La publication jeudi de l'inflation américaine pour septembre, plus élevée que prévu, a suffi à convaincre les cambistes que la Réserve fédérale américaine (Fed) allait poursuivre ses hausses des taux coûte que coûte.

Quelques instants plus tard, le yen sombrait à 147,67 yens, un centime moins cher qu'au plus fort de la crise de la devise en 1998 et amenant la monnaie à son plus bas depuis 1990.

La veille, le patron de la Banque du Japon Haruhiko Kuroda avait au contraire maintenu sa position: la politique monétaire extra-souple convient à son pays.

En théorie, il peut se le permettre car "l'inflation et les salaires restent relativement bas" au Japon, explique à l'AFP Carol Kong, de Commonwealth Bank of Australia.

Au Japon, l'inflation a atteint 2,8% en août sur un an (hors produit frais), au-dessus du niveau visé par la Banque du Japon à 2% mais bien loin des 8,2% enregistrés en septembre aux Etats-Unis.

M. Kuroda estime même que la dépréciation du yen pourrait avoir un effet positif sur l'économie.

Par exemple, "les touristes américains vont probablement profiter de la faiblesse du yen" qui dope leur pouvoir d'achats, commente Mme Kong, alors même que les frontières ont récemment été rouvertes aux touristes après une longue fermeture depuis le début de la pandémie.

Intervention coûteuse

Pourtant, face à la fonte du yen, qui perd 22% de sa valeur depuis le début de l'année, le gouvernement japonais avait décidé d'intervenir sur le marché des changes pour renflouer la devise, une première depuis 1998.

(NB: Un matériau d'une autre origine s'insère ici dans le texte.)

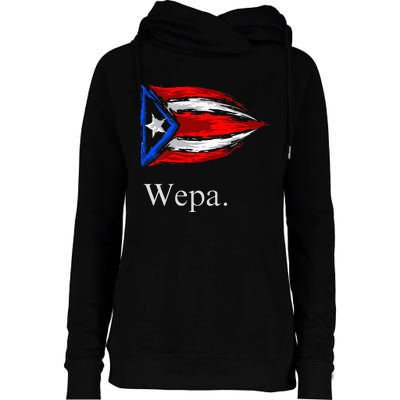 Wepa Puerto Rico Vintage Puerto Rican Flag Pride Womens Funnel Neck Pullover Hood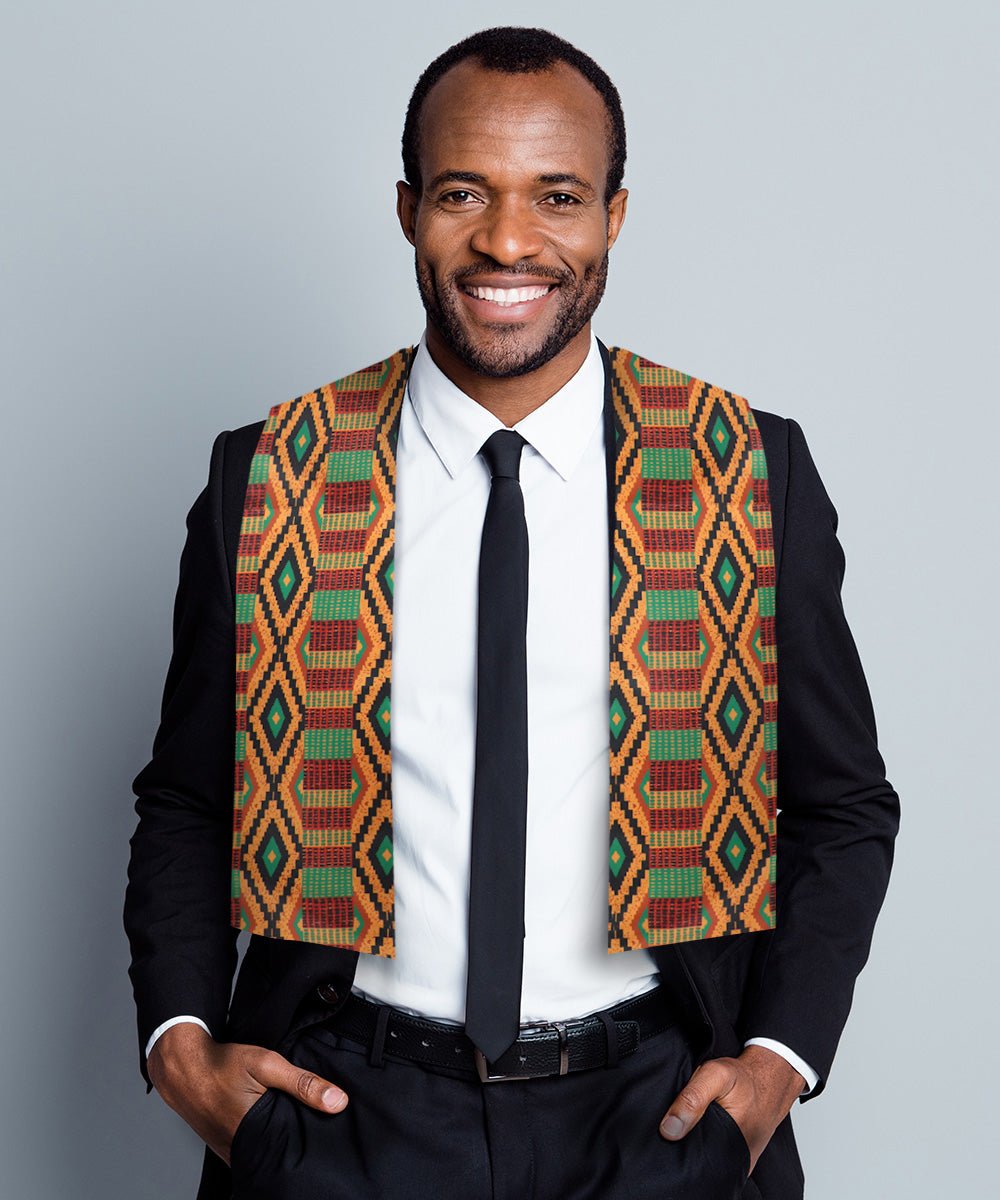 Vittorio Farina Mens' Kente Satin Scarf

L'opération aura utilisé 3.000 milliards de yens (environ 21 milliards de dollars) des amples réserves de changes du Japon, estime le quotidien économique Nikkei.

Les cambistes se demanderont désormais si le gouvernement japonais et la Banque du Japon vont à nouveau intervenir sur le marché des changes pour soutenir la devise.

"La dernière fois qu'il y a eu deux interventions rapprochées sur le yen était en 1998" et "l'effet sur le taux de change n'avait duré qu'entre deux et cinq jours, ce qui a aussi été le cas en septembre", remarque Christopher Wong, de Oversea-Chinese Banking Corp.

Selon lui, "la BoJ est plus inquiète de la rapidité de la baisse que du niveau de la devise", et attend donc que le marché devienne aussi fiévreux que fin août, quand le cours du yen bondissait de un ou deux yens par jour.

Le dollar écrase d'autres devises : la livre était tombée il y a peu à son plus bas historique, et l'euro se morfond sous le seuil de la parité.

Pas de Plaza à l'horizon

En 1985, la dernière fois que le billet vert était aussi fort, plusieurs gouvernements, dont celui des Etats-Unis, s'étaient accordés pour dévaluer le dollar lors des accords du Plaza.

Mais pour l'instant, Washington ne montre aucune volonté d'abaisser le niveau du dollar, qui participe à limiter l'inflation outre-Atlantique.

"Il faudrait des changements énormes sur le plan macroéconomique, à commencer par une baisse significative de l'inflation américaine, pour imaginer qu'une intervention coordonnée sur le marché des changes soit justifiée", estime George Saravelos, analyste chez Deutsche Bank.

En attendant, le reste du marché reste extrêmement volatil: la livre britannique prenait 1,90% à 1,1312 dollar, portée par des spéculations sur un possible changement de position du gouvernement britannique sur son plan budgétaire controversé.

Selon des informations de l'agence Bloomberg, une volte-face est à l'étude dans les bureaux de la Première ministre comme ceux du ministre des Finances, mais aucune décision n'a pour l'instant été prise.

Le plan budgétaire de la nouvelle Première ministre Liz Truss est dans le viseur des marchés depuis que l'annonce de mesures très coûteuses et non chiffrées avait fait douter les investisseurs de la capacité du Royaume-Uni à rembourser sa dette.

Les taux d'emprunt de l'Etat britannique se sont envolés et la livre a chuté à son plus bas historique par rapport au dollar.

Depuis Washington, le ministre des Finances Kwasi Kwarteng a pourtant affirmé jeudi à la BBC que la position du gouvernement "n'a pas changé. Je présenterai un plan budgétaire à moyen terme le 31 octobre, comme je l'ai déjà dit cette semaine".